Task item -
Repeat the data exactly, leaving out any image.

Source data -
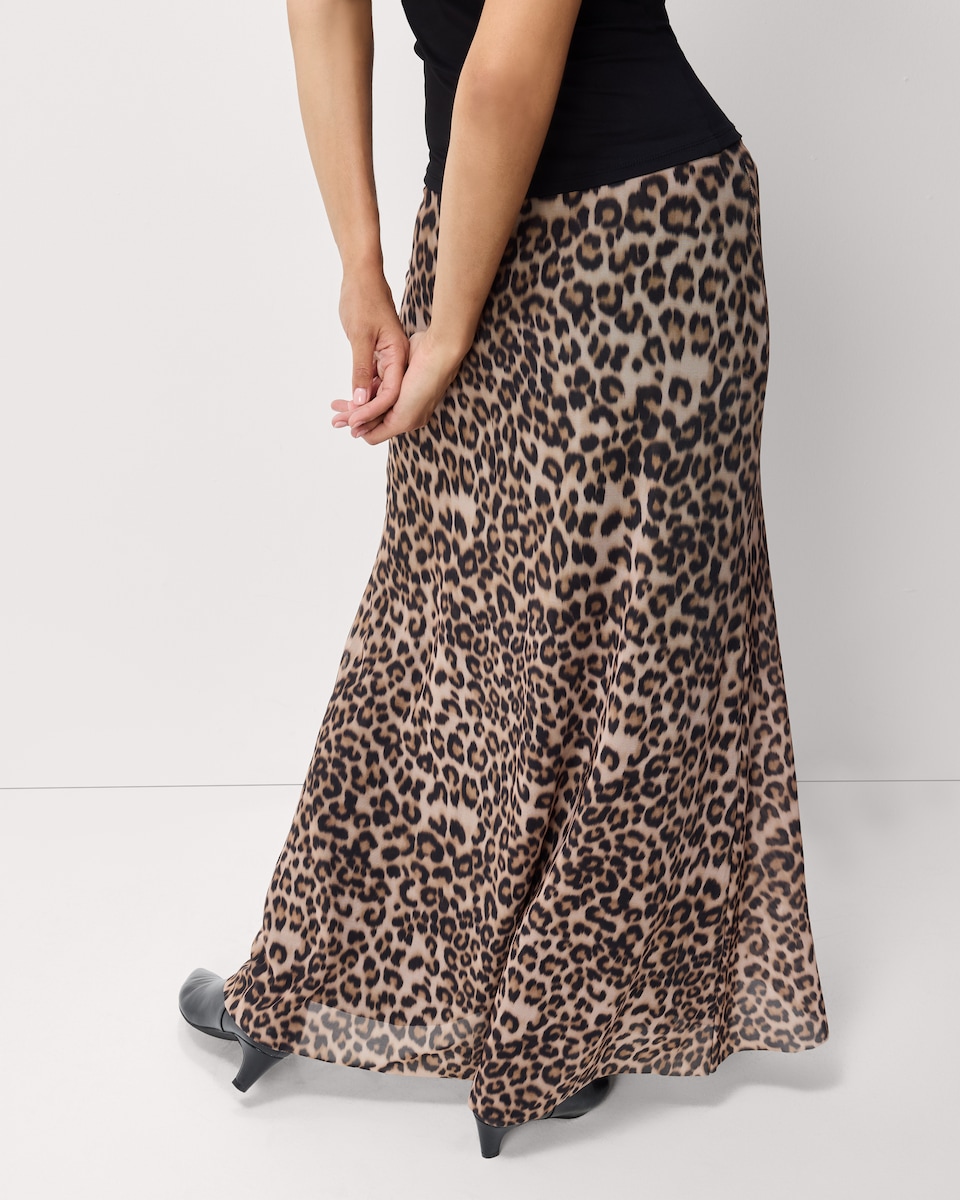 image 1 of F&F Mesh Leopard Print Midi Skirt in Multi Brown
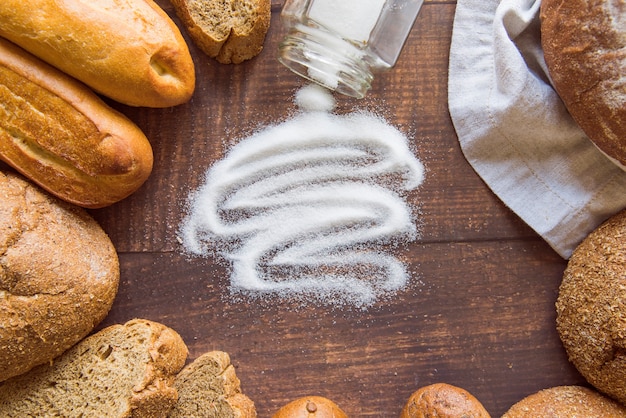 Delicious bread assortment with salt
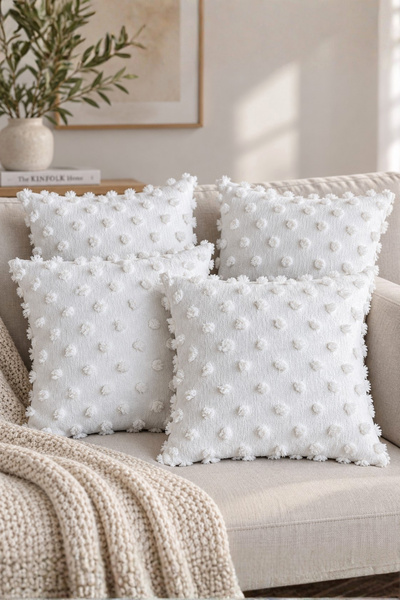 Decomia Home Şönil Kumaş Krem Renk Gizli Fermuarlı Kırlent Kılıfı Seti 4 Adet (41 x 41 cm)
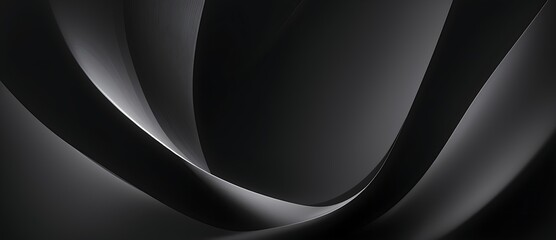 Poster - Abstract luxury black wave 3d background. Abstract wavy texture for exhibition products. Black wave flow with curved lines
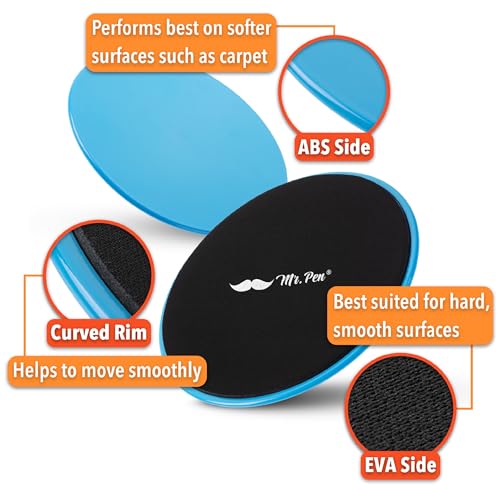 Dual-Sided Core Sliders for Workout & Fitness - 2 Pack - Blue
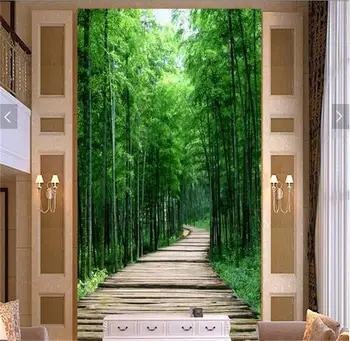 Custom 3d foto tapetai, vaikų kambarys freskos Šviežių bambuko miškų valdybos kelias tapybos TV foną neaustinių tapetai sienos 3d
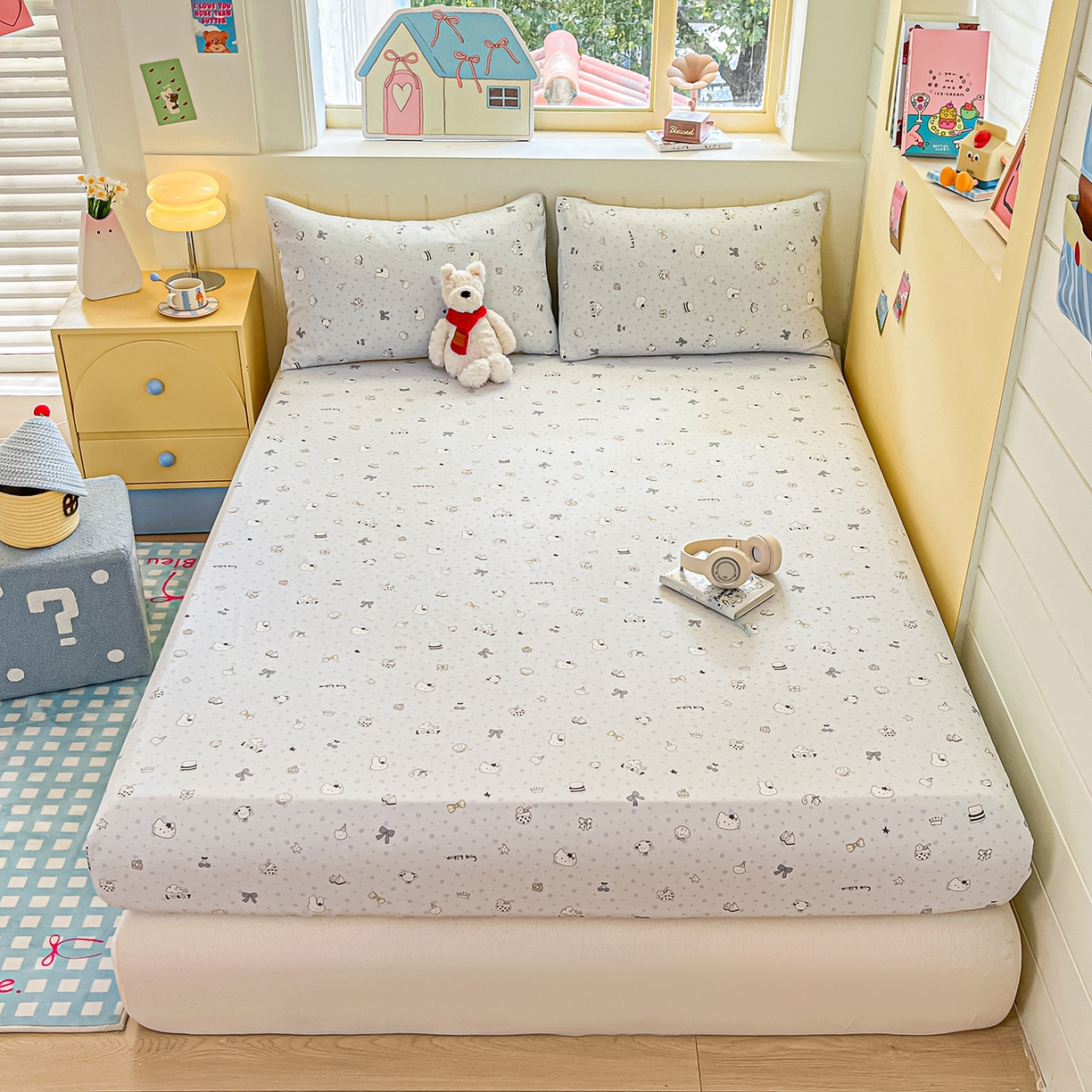 91家纺网 家纺一手货源 找家纺 瑞莱 2026新款纯棉全棉单品印花卡通床笠枕套系列 童话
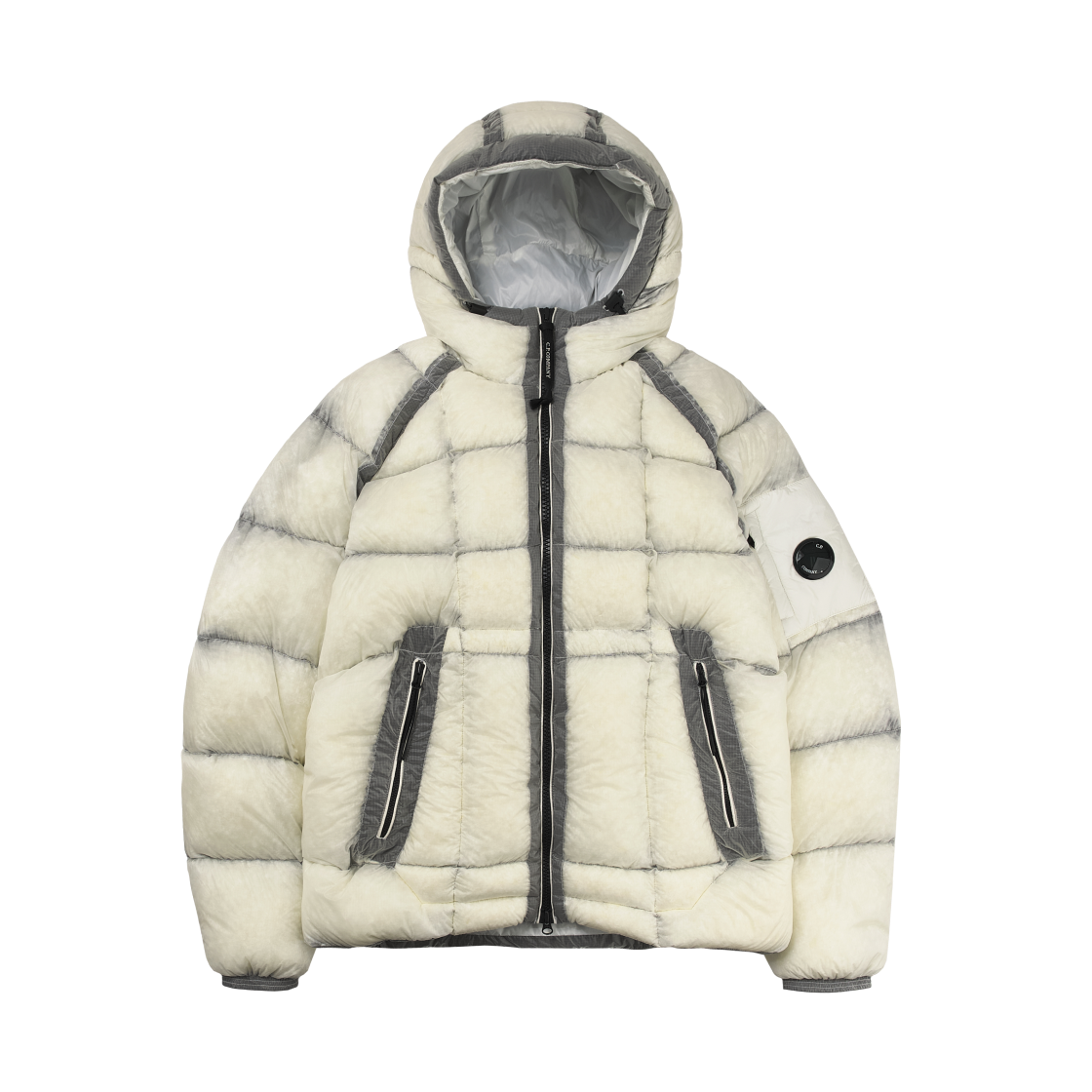 C.P. 컴퍼니 D.D. 쉘 후드 다운 자켓 거즈 화이트 - 25/26FW(C.P. Company D.D. Shell Hooded Down Jacket Gauze White - 25/26FW)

Expected answer -
 image 1 of F&F Mesh Leopard Print Midi Skirt in Multi Brown
 Delicious bread assortment with salt
 Decomia Home Şönil Kumaş Krem Renk Gizli Fermuarlı Kırlent Kılıfı Seti 4 Adet (41 x 41 cm)
 Poster - Abstract luxury black wave 3d background. Abstract wavy texture for exhibition products. Black wave flow with curved lines
 Dual-Sided Core Sliders for Workout & Fitness - 2 Pack - Blue
 Custom 3d foto tapetai, vaikų kambarys freskos Šviežių bambuko miškų valdybos kelias tapybos TV foną neaustinių tapetai sienos 3d
 91家纺网 家纺一手货源 找家纺 瑞莱 2026新款纯棉全棉单品印花卡通床笠枕套系列 童话
 C.P. 컴퍼니 D.D. 쉘 후드 다운 자켓 거즈 화이트 - 25/26FW(C.P. Company D.D. Shell Hooded Down Jacket Gauze White - 25/26FW)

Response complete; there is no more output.